The treatment strategy should be chosen based on episode severity, the extent of preserved functioning in daily life as well as family and individual resources [3]. In case of mild depressive episodes, the DGKJP S3 guideline [12] recommends active monitoring as well as measures to promote mental health, i.e. active support, consultation, or mental health education for a time period of 6 to 8 weeks. Only if symptoms persist should further interventions be planned. Active monitoring is recommended only in the absence of any relevant burden or signs of deterioration. The child or adolescent must be fully capable of managing daily life in an age-appropriate way.

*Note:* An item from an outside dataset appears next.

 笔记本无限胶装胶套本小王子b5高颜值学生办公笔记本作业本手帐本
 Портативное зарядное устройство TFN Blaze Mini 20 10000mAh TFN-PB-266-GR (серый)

For children under 8 years of age, no recommendation can be made due to a lack of evidence. As the first-choice treatment in older children and adolescents with mild depressive episodes and additional burdens as well as those with moderate or severe depressive episodes, the S3 guideline recommends psychotherapy (cognitive behavioural therapy or interpersonal psychotherapy), the drug fluoxetine, or a combination of both. Psychotherapy is to be preferred over psychopharmacotherapy since the latter can be associated with a risk of intensified suicidal thoughts and other adverse effects. A separate opinion states that adolescents with depressive disorder should receive psychotherapy and that pharmacotherapy is recommended as the second-choice therapy. In severe depressive episodes, the advantages and disadvantages of combination therapy versus psychotherapy alone must be weighed. In cases where the 2 above-mentioned types of psychotherapy cannot be used, the S3 guideline alternatively recommends psychodynamic or systemic psychotherapy as the first-choice treatment. According to the S3 guideline, alternatives to fluoxetine are the drugs escitalopram, citalopram, or sertraline, albeit in “off-label use” since they are not approved for children and adolescents in Germany. Treatment can typically be provided on an outpatient basis. Semi-inpatient or inpatient care should be initiated under the following conditions: suicidality without support by relevant attachment figures, substantial psychosocial burdens, or impaired functioning [12].

Psychotherapy

All psychotherapy types listed as first-choice therapies in the DGKJP S3 guideline [12] are briefly described below. Cognitive behavioural therapy (CBT) is based on empirical psychology and integrates diverse treatment elements: patient information about the symptoms and causes of depressive disorder, promotion of social competencies, enhancement of positive activities, and cognitive restructuring. CBT aims to change patterns of behaviour and thought and to enable children and adolescents to control negative feelings [4]. According to the Guidelines for Psychotherapy published by the Federal Joint Committee (G-BA), the German health insurance funds cover the cost of CBT [13].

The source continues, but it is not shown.